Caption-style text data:
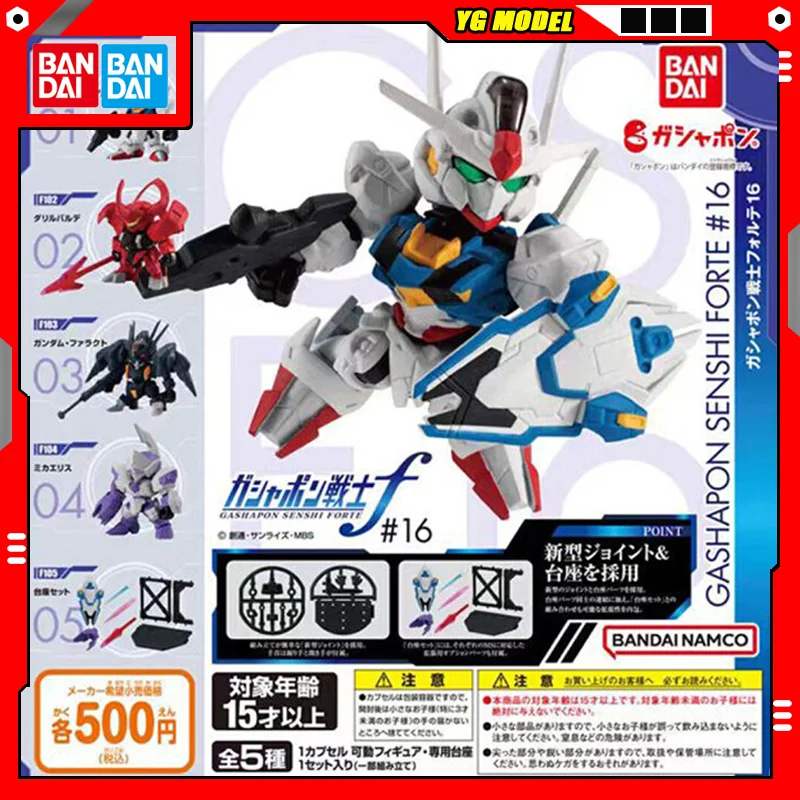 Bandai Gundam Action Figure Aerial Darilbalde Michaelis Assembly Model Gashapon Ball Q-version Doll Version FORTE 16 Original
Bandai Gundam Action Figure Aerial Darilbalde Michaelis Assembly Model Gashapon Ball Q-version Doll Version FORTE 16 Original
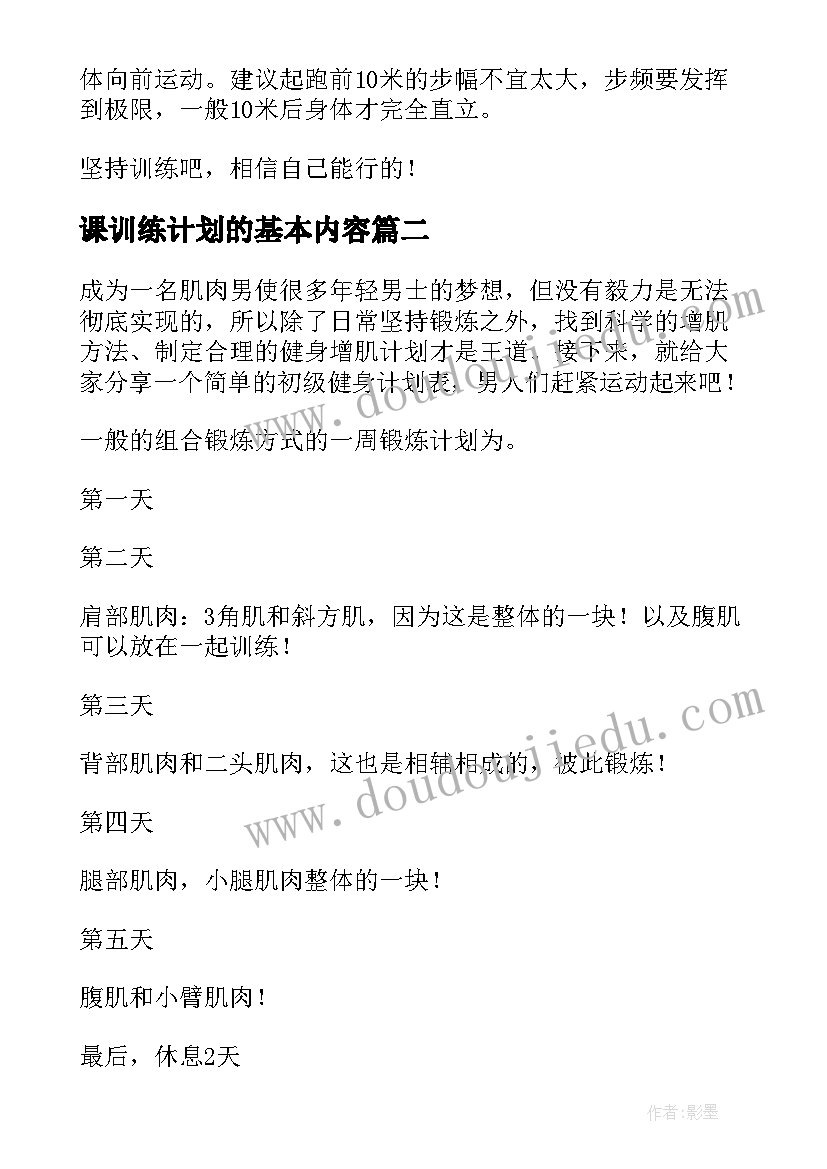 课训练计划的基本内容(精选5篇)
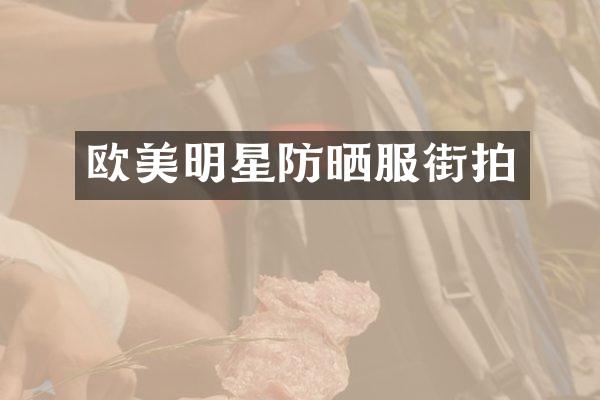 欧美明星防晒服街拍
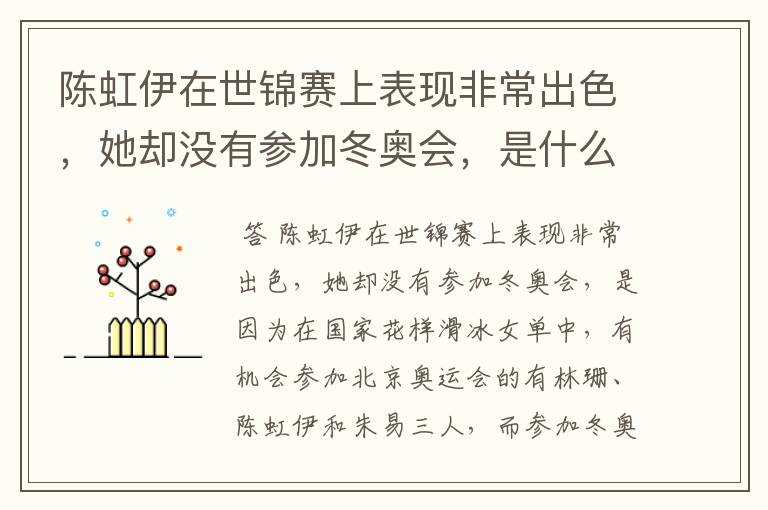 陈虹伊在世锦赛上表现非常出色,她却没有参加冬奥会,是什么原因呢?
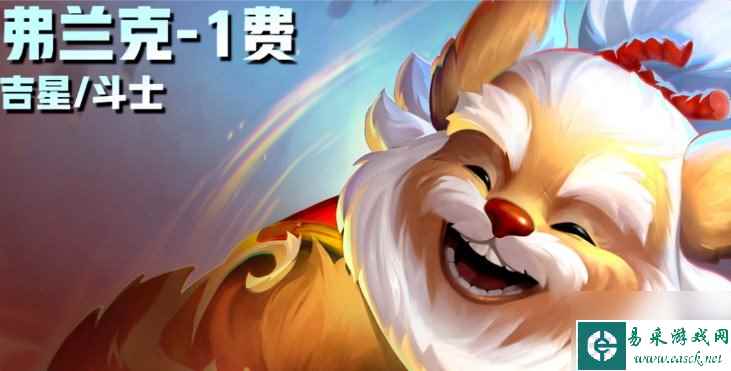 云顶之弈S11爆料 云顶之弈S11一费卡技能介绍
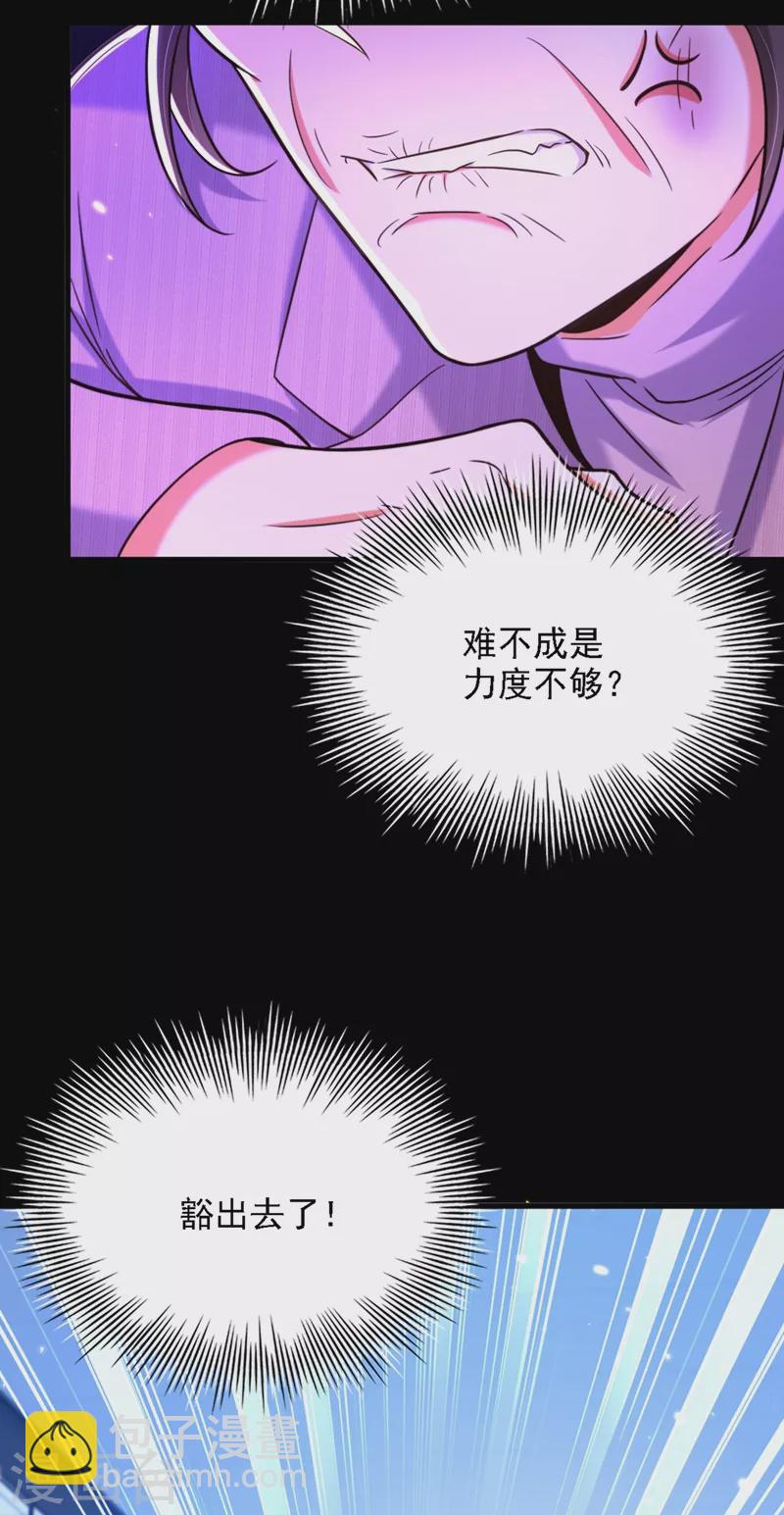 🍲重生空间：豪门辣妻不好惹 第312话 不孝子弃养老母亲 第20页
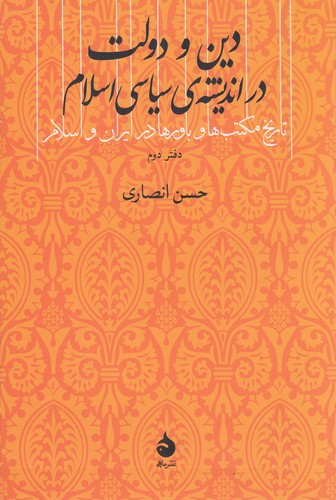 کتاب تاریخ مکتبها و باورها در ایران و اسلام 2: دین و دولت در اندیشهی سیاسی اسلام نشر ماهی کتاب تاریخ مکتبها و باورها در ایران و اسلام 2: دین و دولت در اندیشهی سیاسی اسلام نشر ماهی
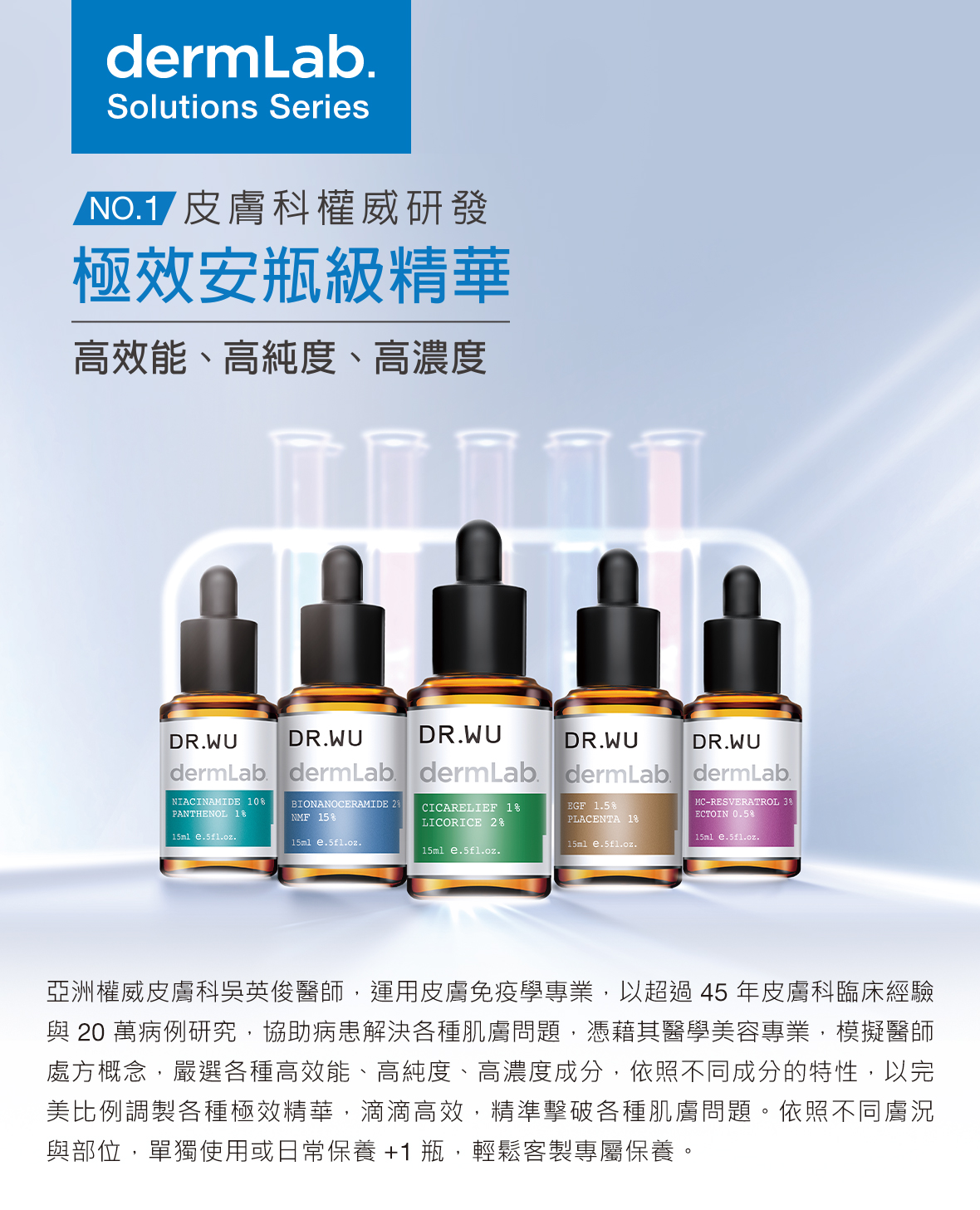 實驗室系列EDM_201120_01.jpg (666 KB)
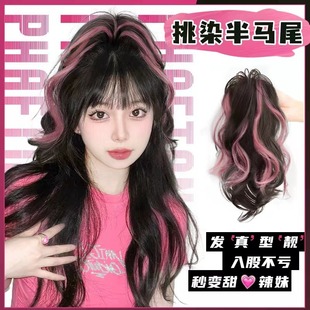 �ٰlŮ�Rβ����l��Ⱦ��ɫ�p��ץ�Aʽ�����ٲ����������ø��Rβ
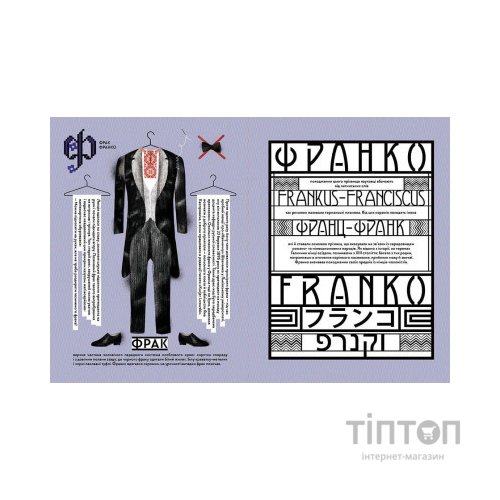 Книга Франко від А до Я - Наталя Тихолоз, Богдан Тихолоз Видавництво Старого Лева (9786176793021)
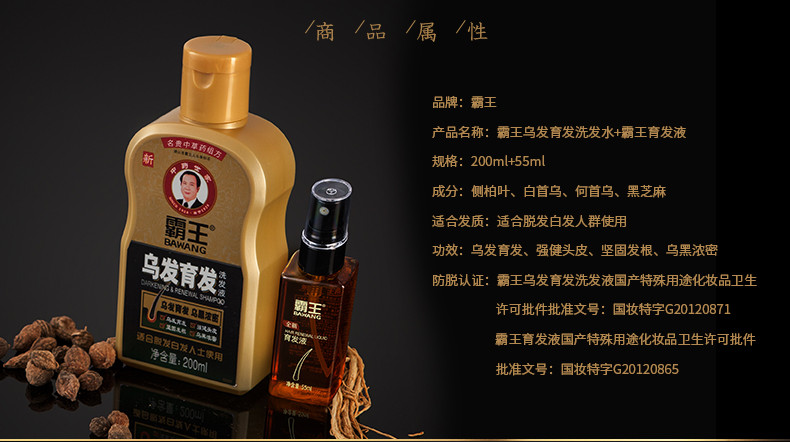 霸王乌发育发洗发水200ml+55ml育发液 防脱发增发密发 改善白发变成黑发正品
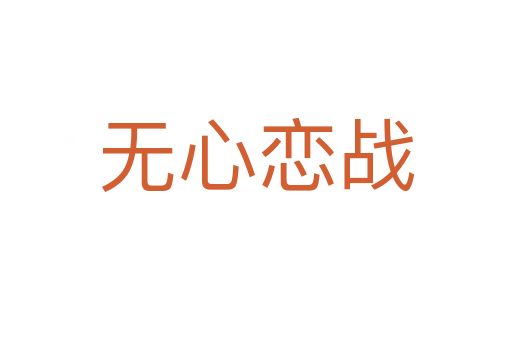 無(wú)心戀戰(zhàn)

### What is expected
Where the line containing "云顶之弈S11爆料 云顶之弈S11一费卡技能介绍" appears in the data above, begin there and output every line through the last, exactly and without pictures.

### Result below
 云顶之弈S11爆料 云顶之弈S11一费卡技能介绍
 🍲重生空间：豪门辣妻不好惹 第312话 不孝子弃养老母亲 第20页
 کتاب تاریخ مکتبها و باورها در ایران و اسلام 2: دین و دولت در اندیشهی سیاسی اسلام نشر ماهی کتاب تاریخ مکتبها و باورها در ایران و اسلام 2: دین و دولت در اندیشهی سیاسی اسلام نشر ماهی
 實驗室系列EDM_201120_01.jpg (666 KB)
 �ٰlŮ�Rβ����l��Ⱦ��ɫ�p��ץ�Aʽ�����ٲ����������ø��Rβ
 Книга Франко від А до Я - Наталя Тихолоз, Богдан Тихолоз Видавництво Старого Лева (9786176793021)
 霸王乌发育发洗发水200ml+55ml育发液 防脱发增发密发 改善白发变成黑发正品
 無(wú)心戀戰(zhàn)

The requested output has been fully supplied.